Pitana kemudian menyuguhkan implikasi dekonstruksi makna simbolik arsitektur Keraton Surakarta yang bakal membuat anda merasa miris sekaligus trenyuh. Pasalnya, keraton yang dahulu pusat pemerintahan, kini harus pasrah menerima takdir sejarah dengan menjadi bagian dari pemerintah kelurahan. Hidup matinya keraton ditentukan kucuran dana pemerintah. Raja hanya dipandang sebagai kepala keluarga. Komunitas keraton pun harus rela dipersamakan dengan masyarakat kebanyakan. Ironisnya, keraton justru menjadi lembaga legitimasi bangsawan modern. Gelar-gelar kebangsawanan pun diobral kepada kaum elite bak barang dagangan.
Namun, di balik kondisinya yang serba memprihatinkan, keraton masih dipercaya masyarakat sebagai panutan budaya Jawa. Melihat kenyataan tersebut, Pitana memberikan solusi, yakni keraton harus membangun ruang kesadaran baru atas peran keberadaannya di tengah perubahan (hlm 145).

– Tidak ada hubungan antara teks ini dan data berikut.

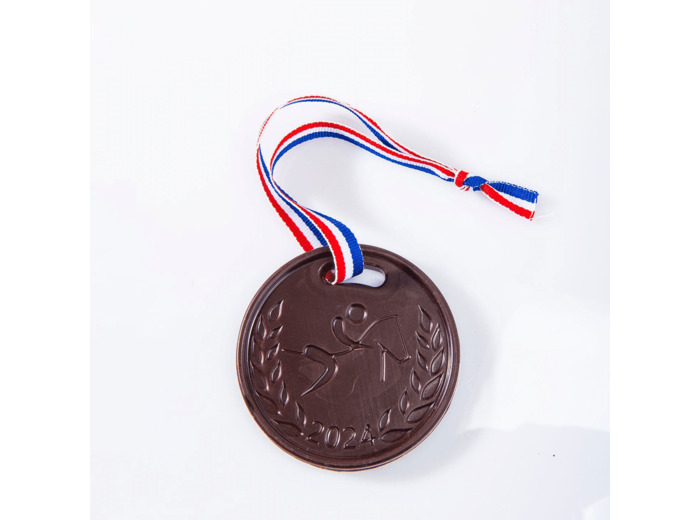 Reine Astrid - Médaille Jeux Olympiques Chocolat Noir, Equitation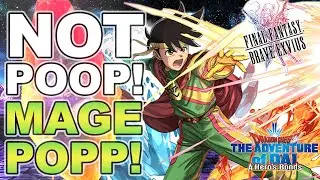 How to Use Mage Popp! | Final Fantasy Brave Exvius - Unit Reviews, Guides, Rotations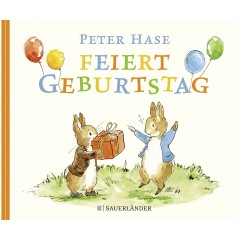 Sauerlander Verlag Peter Hase feiert Geburtstag Кролик Питер празднует день рождения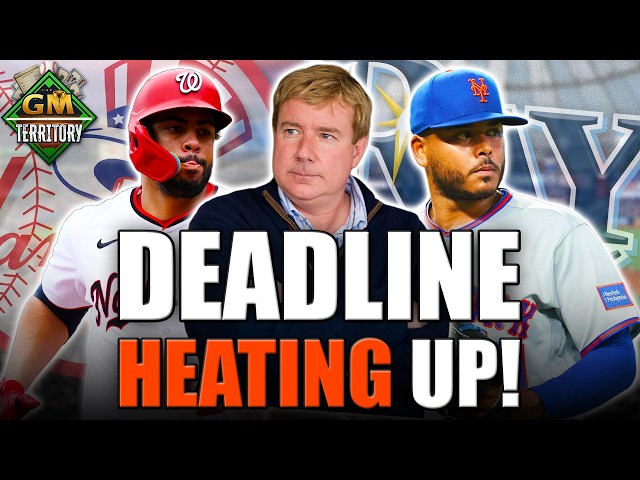 MLB Trade Deadline EXPLODES! Yankees Strike, Peralta Traded… Who’s NEXT? | GM Territory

Buku Dr. Titis Srimuda Pitana kaya akan literatur yang hampir mencapai 300 buah. Ia membangun argumentasi yang detail, logis, dan menggunakan diksi yang tepat sehingga buku ini sangat enak dibaca. Buku ini ibarat oase di tengah keringnya analisis kaum positivis yang hanya mampu menggapai kulit luar objek penelitiannya sendiri. Oleh sebab itu, buku ini sangat layak dibaca siapa saja yang peduli dengan masa depan Keraton Surakarta. Harapannya, Keraton Surakarta mampu bangkit dari kondisi sakaratul maut sehingga dapat kembali mengemban tugas sebagai penegak budaya Jawa. Selamat Membaca!